Five different sets of dice were tested for this, to cover a broad swath of what gamers might use. They were:

  • Baron of Dice Precision Dice: Obviously, as the sort of impetus to do this, these get included. I had already picked up a blue and white set, which interestingly have a slight swirl in them, which is not what I expected, as that seems like it would make said precision balancing harder. But they are very pretty…
  • Games Workshop Dice: I figure a set of GW dice represents what an awful lot of people in our hobby are using, so they rate inclusion. In this case, I used the new Solar Auxilia dice, because it’s the first set I grabbed.
  • Chessex Dice: Another major manufacturer of dice, specifically dice for my personal blog, Variance Hammer. These dice serve as a stand-in for blogs, podcasts, stores, etc. that have their own logo dice, from one of the easiest manufacturers to get said dice from (I wrote about the experience here a long time ago). Importantly, these are dice where, in start contrast to precision dice, absolutely zero thought has got into what the logo has done to the balance of the dice.
  • Baron of Dice NOVA Dice: A set of dice from last year’s NOVA Open, representing a more premium, logo-on-the-6, non-precision dice set from Baron of Dice.
  • A set of five new 3/4th of an inch, serialized casino dice from casinosupply.com to serve as a control.
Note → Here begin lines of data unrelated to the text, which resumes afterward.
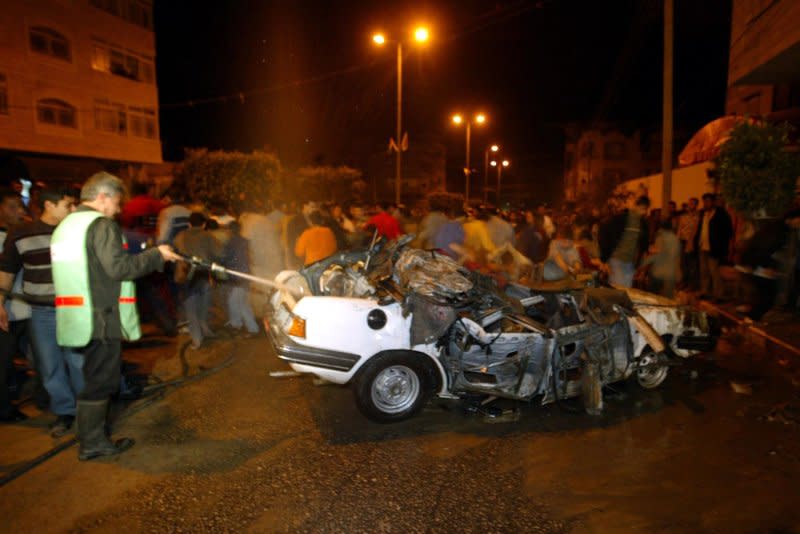 Palestinians search in the car of Hamas leader in Gaza Abdel Aziz Rantisi following an Israeli missile strike in Gaza City on April 17, 2004. Rantisi died later of his wounds, according to hospital officials. File Photo by Ismael Mohamad/UPI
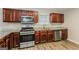 Kitchen with stainless steel appliances and granite countertops at 7546 Petal Pl, Fairburn, GA 30213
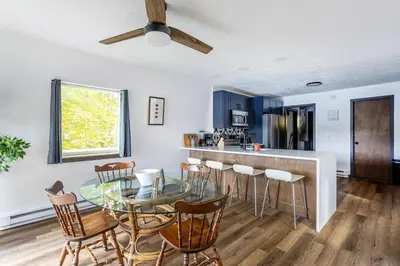 a kitchen and dining room with a glass table and chairs at Lakeside Chalet 3BR Fire Pit Pet Friendly in Tobyhanna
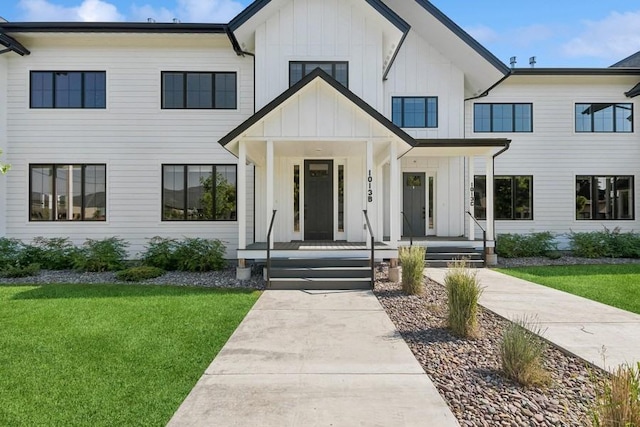 modern farmhouse featuring a front yard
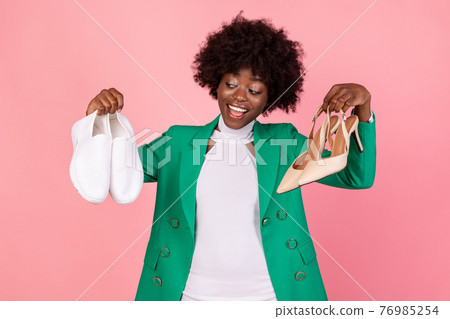 African Lady Holding Sneakers And High-Heels Choosing Shoes, Pink Background African Lady Holding Sneakers And High-Heels Choosing Shoes, Pink Background 76985254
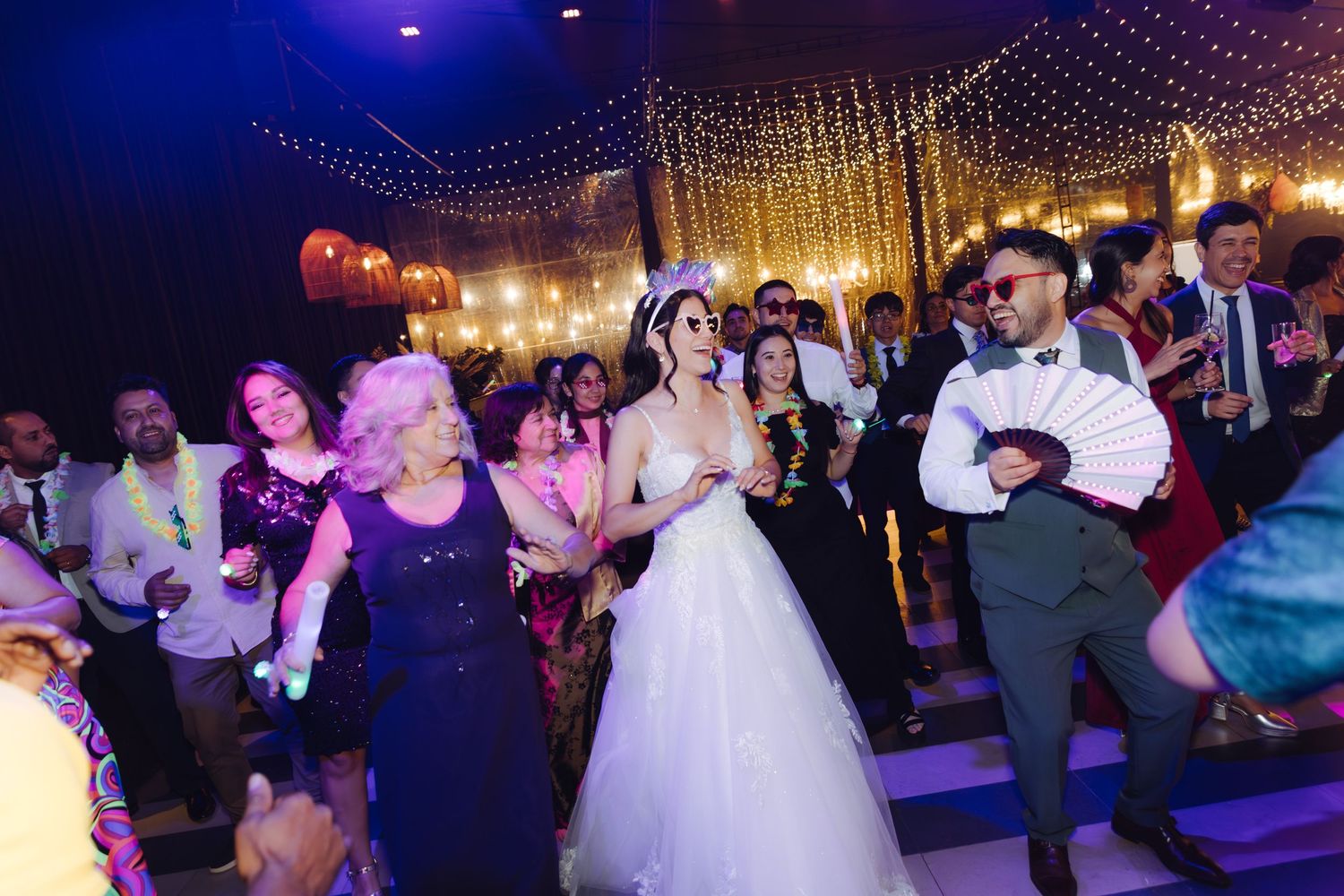 Bride in white gown dancing joyfully with wedding guests under warm string lights at a reception.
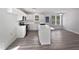 Modern kitchen with white cabinets, stainless steel appliances, and a center island with breakfast bar at 5612 Tealbrook Dr, Raleigh, NC 27610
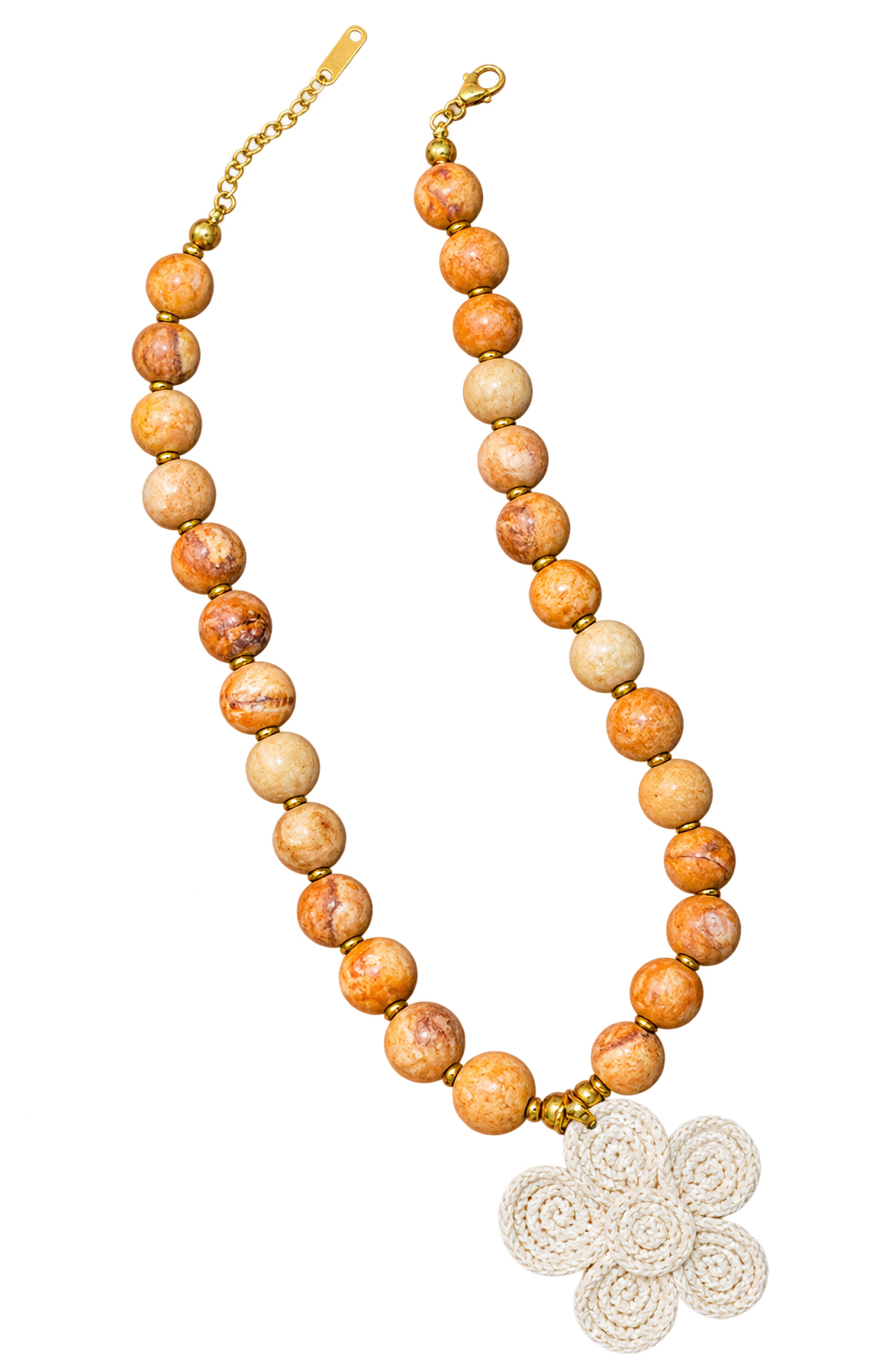 A beaded necklace featuring round, marbled orange and beige stone beads separated by small gold spacer beads, with a gold clasp and extender chain on one side and a white crocheted flower-shaped charm on the other, displayed on a solid white background.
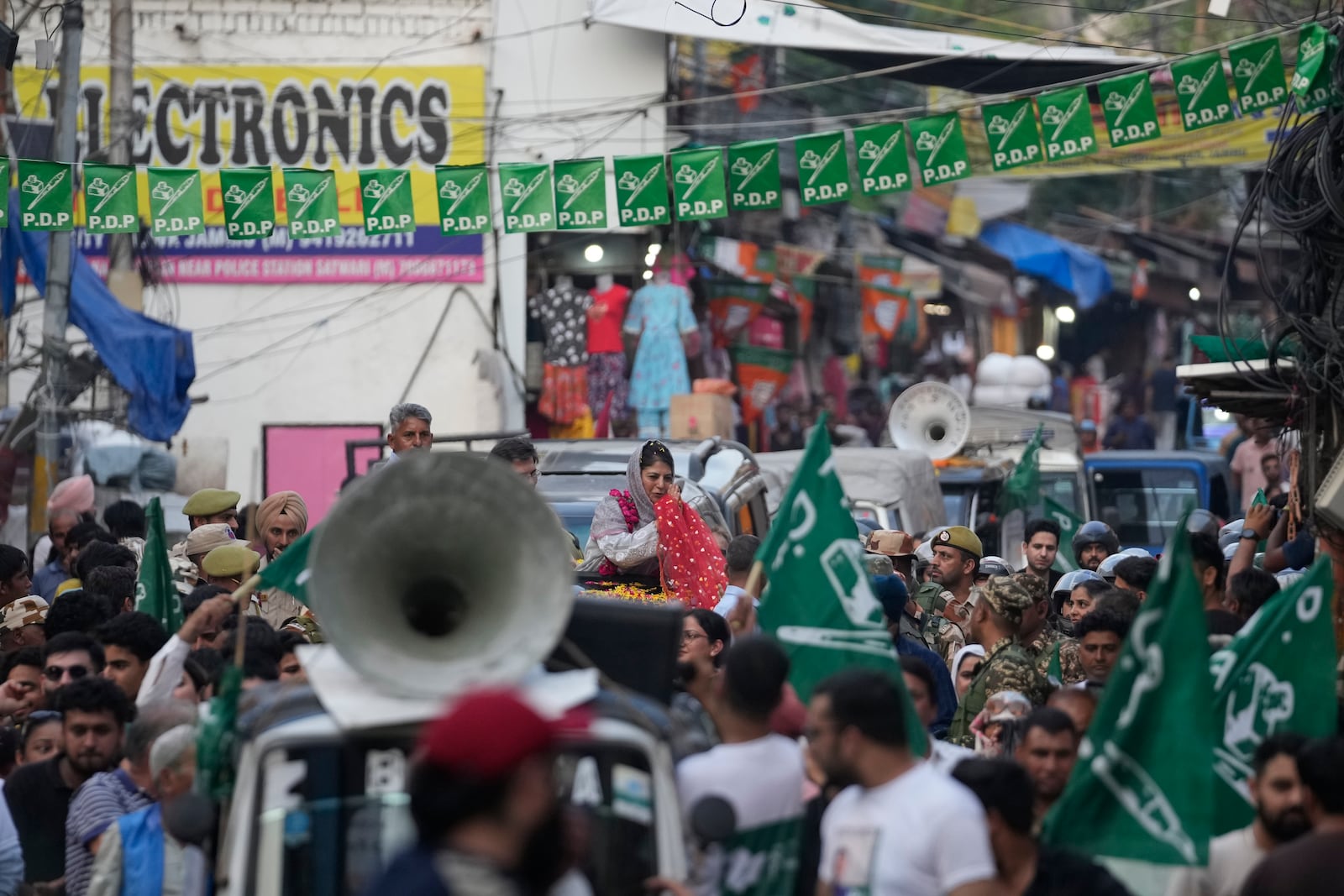 FILE- Mehbooba Mufti, leader of the Peoples Democratic Party (PDP), greets supporters during a campaign rally of Jammu and Kashmir Assembly elections in Jammu, India, Sept. 25, 2024. (AP Photo/Channi Anand, File)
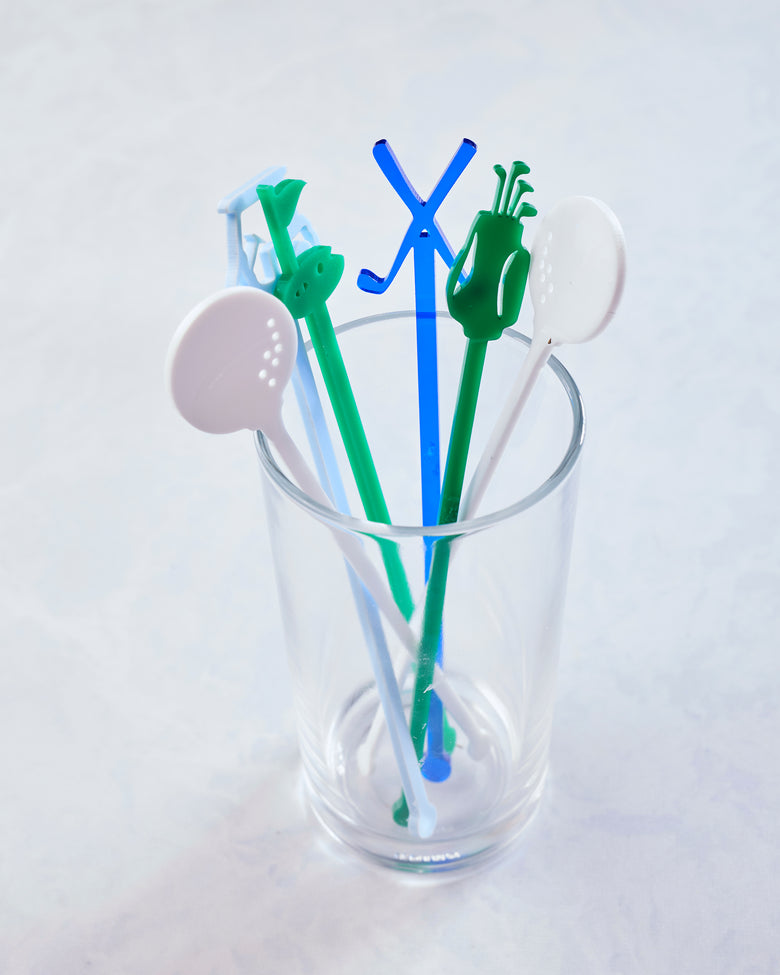 Five colorful golf-themed stir sticks displayed upright in a clear glass.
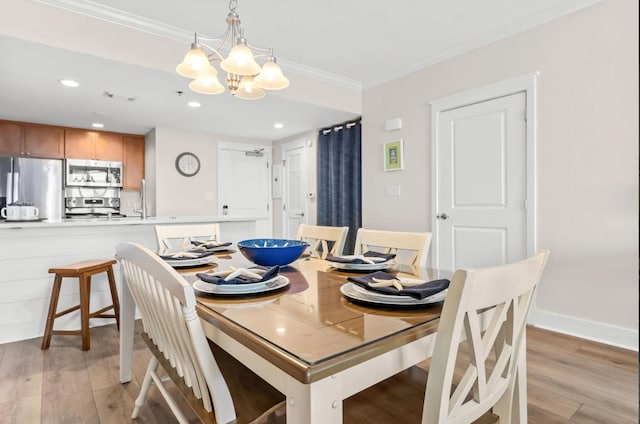 1110 Santa Rosa Blvd Unit A616, Fort Walton Beach, FL 32548 - dining area featuring recessed lighting, light wood-style floors, a chandelier, and crown molding
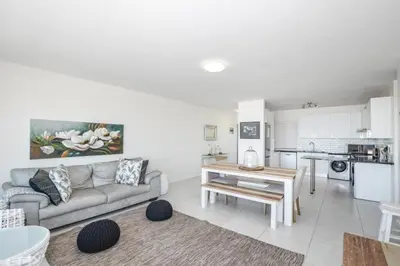 a living room with a couch and a table at Ocean View Apartment in Blouberg Beachfront in Cape Town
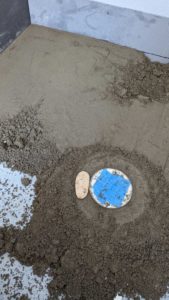 Making drain height match thickness of floor material - pebbles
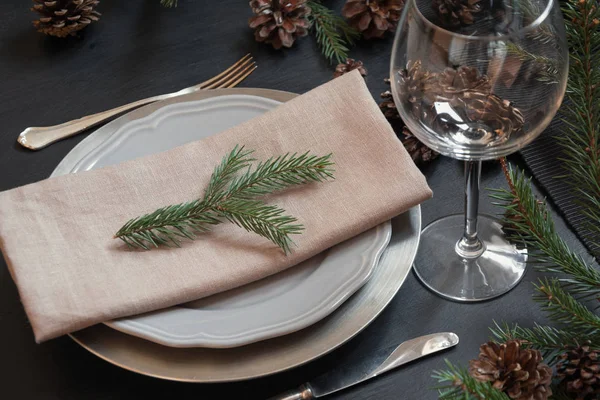 Christmas table setting with silverware and dark natural evergreen decor on black table. Close up. Holiday Centerpieces.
Five dice sitting in a dice tray
An example of each of our five test dice, and the dice tray they’ll be rolled in.

Statistics

There are a lot of ways to ask the question “Is this supposedly random thing really random?”, including some very sophisticated techniques for when you think the answer might be “No”. But one of the best – and thankfully easiest ones to actually do, is what’s known as the Chi-squared test. Wikipedia has a lovely discussion of the background here, but in brief, it’s a statistical test that asks whether the observed distribution of some categorical data (in this case, the count of how many of each face came up) matches an expected distribution (in this case, 1/6th * 1000, or 166.67 for each face), within the error expected by random chance.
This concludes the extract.